━━━ Exercise data
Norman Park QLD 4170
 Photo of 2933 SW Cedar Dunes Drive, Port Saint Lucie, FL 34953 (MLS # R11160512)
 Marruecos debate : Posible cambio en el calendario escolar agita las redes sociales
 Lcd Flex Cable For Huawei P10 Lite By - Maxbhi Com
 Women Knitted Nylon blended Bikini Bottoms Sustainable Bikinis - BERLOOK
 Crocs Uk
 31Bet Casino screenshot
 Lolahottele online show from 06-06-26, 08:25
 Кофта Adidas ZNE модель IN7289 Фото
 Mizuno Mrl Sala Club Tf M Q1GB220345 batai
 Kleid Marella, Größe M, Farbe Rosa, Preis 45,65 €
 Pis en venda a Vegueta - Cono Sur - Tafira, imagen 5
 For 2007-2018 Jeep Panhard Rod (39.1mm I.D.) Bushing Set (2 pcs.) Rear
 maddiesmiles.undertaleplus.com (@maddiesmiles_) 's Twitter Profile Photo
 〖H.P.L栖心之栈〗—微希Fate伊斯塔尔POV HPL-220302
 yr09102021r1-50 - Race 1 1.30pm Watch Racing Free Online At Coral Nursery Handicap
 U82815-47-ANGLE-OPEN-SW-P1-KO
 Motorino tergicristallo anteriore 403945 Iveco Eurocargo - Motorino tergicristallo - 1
━━━━━━
### [Task to complete]
In the records above, find the line containing "maddiesmiles.undertaleplus.com (@maddiesmiles_) 's"; please retype it and every line after it through the last line, exactly and with nothing else.

### [Solved exercise]
 maddiesmiles.undertaleplus.com (@maddiesmiles_) 's Twitter Profile Photo
 〖H.P.L栖心之栈〗—微希Fate伊斯塔尔POV HPL-220302
 yr09102021r1-50 - Race 1 1.30pm Watch Racing Free Online At Coral Nursery Handicap
 U82815-47-ANGLE-OPEN-SW-P1-KO
 Motorino tergicristallo anteriore 403945 Iveco Eurocargo - Motorino tergicristallo - 1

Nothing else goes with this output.